According to Superintendent Jason Kamras’ administration, Richmond Public Schools is providing all middle school students this school year with an opportunity to take four elective courses in addition to courses in the four core academic areas.
In addition, RPS is enabling each middle school student to have 150 minutes a week of physical activity, a requirement that was not met last year when the requirement went into effect.
Dr. Tracy Epp, the school system’s chief academic officer, promised the Richmond School Board on Aug. 19 that those changes would happen amid preparations for the start of the 2019-20 school year. And RPS Chief of Staff Michelle Hudacsko stated last week that the promise is being kept.
At the August meeting, Dr. Epp told the School Board that the middle school program would “be in compliance with all requirements.” She did not offer any specifics on the electives or the curricula that would guide the courses, including offerings in Algebra I, geometry, Earth science, Spanish I and Art I that she said would be available at each middle school.
Betsy Milburn, an activist parent who has worked with others since 2014 to lobby RPS for upgraded electives, said information she has received suggests that “the promise is not being kept,” although she provided no specifics.
Another parent, who asked not to be named, said the “electives are a bit messed up.” She noted that an elective Spanish class has been extended through a study hall to provide enough time to qualify for high school credit.

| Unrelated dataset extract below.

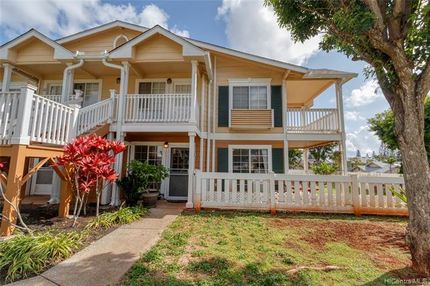 Land in Honolulu County, Hawaii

RPS and individual schools do not post class schedules, making it virtually impossible to independently verify whether electives are being offered.
Electives involve courses in foreign languages art, music, dance, career and other programs. They are in addition to the 560 hours a year that each student must complete in the four core subjects — English, math, science and history and/or social studies.
School Board member Kenya Gibson, 3rd District, remains disappointed that Dr. Epp and her staff failed to accompany the promise with concrete information on what “each (elective) course would cover and which classes would fulfill requirements for high school credit.”
Ms. Gibson said such information should be easily available to every student in middle school “during the course selection process” before the school year begins. She also is disappointed with the lack of course guides, as were made available for high school classes this year.
Dr. Epp said the middle school guides would be ready for the next school year.
RPS failed to provide at least four elective courses during the 2018-19 school year to stu- dents in grades six through eight as required by the state, according to the Virginia Department of Education.
RPS also failed to offer the minimum level of physical activity — 150 minutes a week — that the General Assembly has mandated, VDOE indicated.